Jonathan stalks her to a break in the rows and pounces. This time they both fall to the ground, cushioned by the grass that grows around the bases of the corn stalks. He tries to pin her down for a kiss, but she rolls him over and sits atop him, beaming proudly. “Did I catch you, or did you catch me?” Jonathan asks, amusement dancing in his eyes.
“A little of both,” Martha tells him, and bends down to kiss him.
The moment their lips meet, however, there’s a rustling in the corn and a rather embarrassed cough. They both look up to see a very red-faced Ben Hubbard watching them. “I’ll just be going,” he says. “I wanted to see if you two… Well, never mind, you’re … um … busy. It can wait.”
Jonathan and Martha look at each other. Ben is their nearest neighbor, which is a lot of the reason why he and Jonathan were always such good friends. He’d dated Martha briefly. And of course, there was that one time on the camping trip. Jonathan told his new wife about that, believing there should be no secrets in a marriage, and she hadn’t flinched from it. Martha was an open-hearted soul.
So was Jonathan. In an instant, the thought flickers between the two of them, and they both nod, the decision made without a single word. Ben is a good friend, someone they can trust, and they are young enough to believe that the purity of their emotions can tear down all the taboos their stuffy elders have set upon society.
“Or you could always join us,” Martha says in a husky drawl. When Ben turns around, shocked, she gives him a come-hither look from blue eyes that melts any resistance he could muster.
When he smiles, shyly at first and then with blossoming confidence, she pulls the light cotton dress over her head and casts it aside.
Left Behind | Ben Hubbard/Martha Kent | 371 words | PG-13 | loss, comfort, tears, memories
Martha won’t cry in front of her son. Poor Clark is staggering around in a haze, barely aware of what’s going on around him. The kid wasn’t ready to lose his father, but then, Martha wasn’t ready to lose her husband, and Ben wasn’t ready to lose his best friend. Martha forces herself to be strong for her son, but when he goes back to school a week after that terrible day, Ben heads over to the farmhouse.
Martha’s glad to see him, her smile shining through the tears she’s shed every day while Clark was out, and Ben folds her in his arm and lets her cry. He sheds a few tears himself. Nothing shameful in that; Jonathan has been part of his life since they were both just kids. And at times, they’ve been more than friends.
Once the crying’s done, for a while anyway, Ben and Martha sit down over coffee and reminisce. They swap memories of Jonathan, sometimes bringing more tears, but more often bringing laughter. He always saw the humor in things, always looked on the bright side, always knew how to make someone else smile along with him. Sure, when he was feeling threatened or protective Jonathan could be a stern man, but those he held close to his heart knew he was kind and gentle beneath the mask of necessary hardness.

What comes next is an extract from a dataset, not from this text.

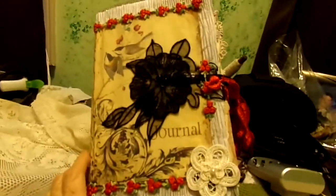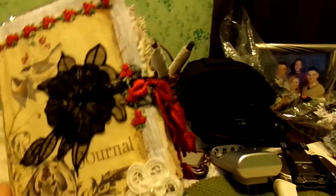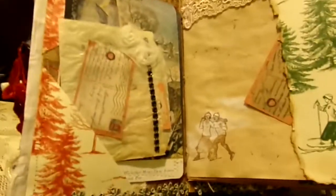I just did a little video on this winter journal. It is done in kind of a winter theme, and I included some images from my Hans Brinker and the Silver Skates book that I have, which was a favorite of mine as a child.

By sharing the burden of their grief, they’ve both lightened the loads they carry. It would be nice to sit here all day thinking back on the past, on all the wonderful memories Jonathan left with them both. But the farms wait for no one, and the chores must be done. They both know it, and make their goodbyes graciously.
When Ben reaches for the door, however, Martha catches his hand. He turns to her questioningly, this woman he’s loved for more than thirty years as a friend and sometimes as a lover. She kisses his cheek, and Ben smiles. “Thank you,” Martha tells him.
“No, thank you,” he replies, tucking a strand of her graying hair behind her ear.
They both loved Jonathan, and he loved them both too. At least when they’re together, it’s almost as if he’s not quite gone.